New cities sprang up all over the West.  One example was a railroad connection to Salt Lake City named Las Vegas.  The construction of Boulder/Hoover Dam and Lake Mead during the New Deal spurred an influx of settlers attracted by the various recreation opportunities.  Because the city was near the Dam and the water power in the region, a magnesium plant was built in 1942.  The Army Air Corps and Navy moved in with bases and ammunition depots, and its proximity to Los Angeles, plus its gambling casinos and liberal marriage and divorce laws, made it a mecca for job hunting workers and entertainment-seeking travelers.

The Army Gunnery School was set up in 1941, and 55,000 trainees passed through its doors during the war.  The Las Vegas Army airfield was created in 1942.  The City of Las Vegas had 8400 citizens in 1940, but by 1945 that had more than doubled.  The Las Vegas Valley had a population of 14,000 in 1940 and over 35,000 in January, 1943.  (The preceding sections came from Arms, pp. 550-53)
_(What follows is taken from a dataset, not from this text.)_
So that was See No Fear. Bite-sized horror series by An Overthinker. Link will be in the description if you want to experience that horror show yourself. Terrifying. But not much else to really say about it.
Out of the war mobilization emerged The New West, with all of its problems, but as one city’s name implies, a veritable Phoenix that rose out of the desert.  New cities, new industries, and new infrastructure emerged, and the potential tapestry of the nation was permanently altered.   The potential for a similar nation building explosion could occur were the country to embark on a new infrastructure/space exploration driver program to again develop the nation.  The inland western region is barely settled, and with a water/power program like the North American Water and Power Alliance implemented, the startling economic development achieved during war time could be dramatically extended.